Devotional Thoughts

Jesus: The Coming of Grace and Glory

We live between two epic events—in a meadow between two Mountains. Titus 2:11-14 says so. It’s a Christmas text. And a prophetic text. And a Christian-living text. And it’s under-appreciated.

Jesus’ First, Gracious Appearance: We Have a Savior! (v. 11)

Paul tells us in Titus 2:11 that Jesus’ first Advent was the incarnation of grace. God’s grace has “appeared” (the Greek word that is the source of epiphany). Grace has been revealed in a new and living way at the coming of Jesus to earth. Yes, God was gracious in the Old Testament. But grace incarnate came to Bethlehem, as John 1:14-17 reminds us over and over again. We sing that “joy has dawned” when Jesus was born. And it has. We sing that “love came down at Christmas.” And it did. But Jesus’ coming was—perhaps chiefly—an expression of grace. And it brought salvation that is offered to all people (which gives this passage, like so many others, an urgent missions emphasis).

Jesus’ Second, Glorious Appearance: We Have Hope! (v. 13)

Paul uses the epiphany motif again in Titus 2:13. There is another Advent, another appearance, and it is in the future. Christians live with the eager expectation of Jesus’ return to earth…not as a Sacrifice, but as a Sovereign. While the first Advent highlighted grace, the second will highlight God’s glory. This glorious return of Jesus is our “blessed hope.” Jesus—both the great God and our Savior—will come again!

Jesus’ Ongoing Work in His People: We Have a Purpose! (vv. 12, 14) 

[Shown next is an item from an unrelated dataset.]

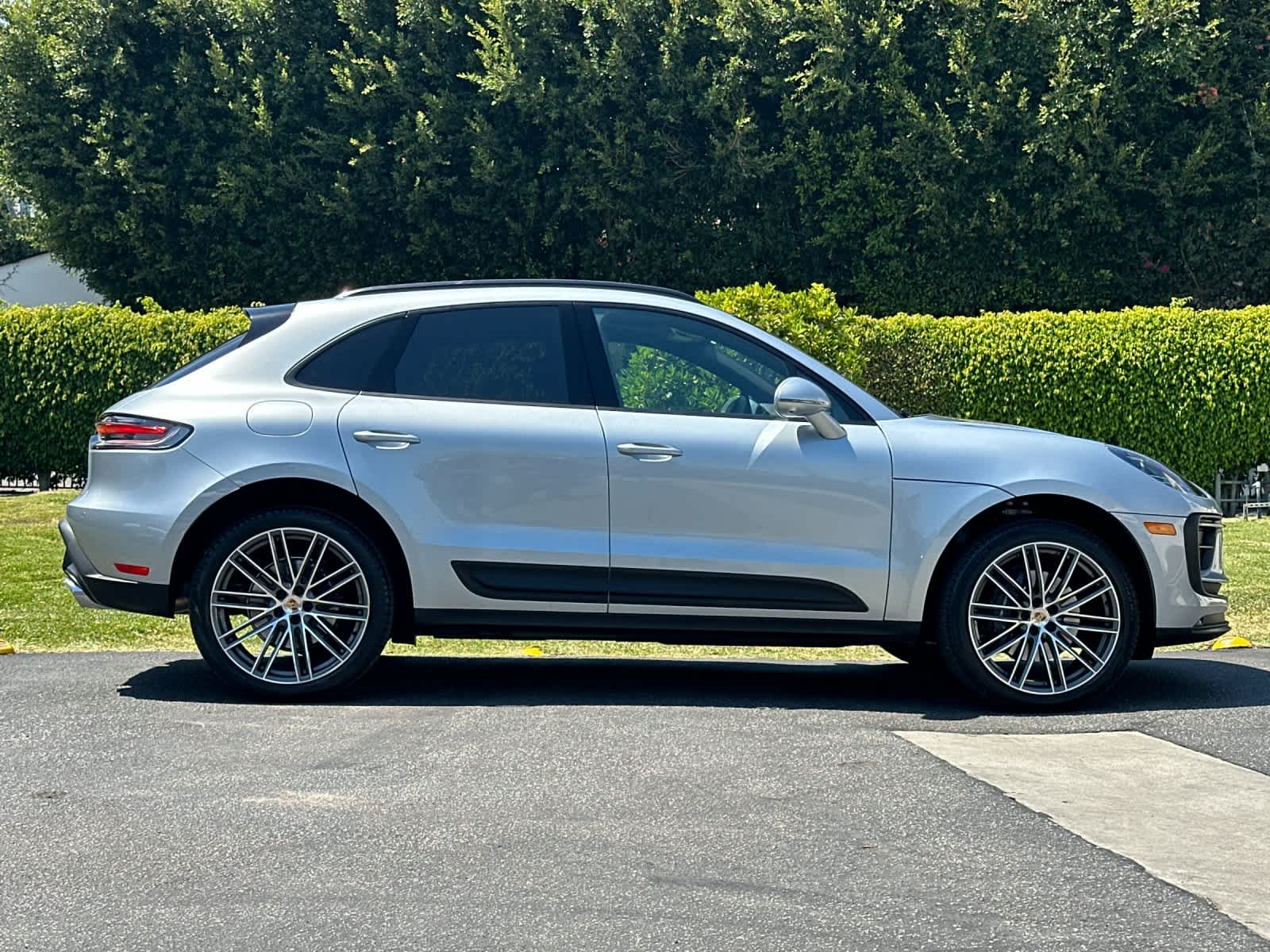 Thumbnail: 2026 Porsche Macan - 9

Paul’s point in reminding us of Jesus’ two Advents isn’t only to guarantee our doctrinal orthodoxy. While he often gives us doctrine followed by practical applications (as in Romans and Ephesians), here he uses doctrine in the middle of an ethical discussion. The grace that saves us also changes us. In both verses 12 and 14, he calls us first to fight sin (a negative focus) and to pursue a life of godliness and good works (a positive focus). Christian living isn’t merely an ethic of avoidance: don’t do bad things. Instead, it’s a transformation that results in godliness. Verse 14 powerfully tells us that Christ gave Himself to free us from sin, not only to forgive us for sin. He purchased us to be pure, zealous for good works, and His own.

Christ came. Christ will come. And Christians live every day—fighting sin and pursuing holiness—by remembering both. What a Savior!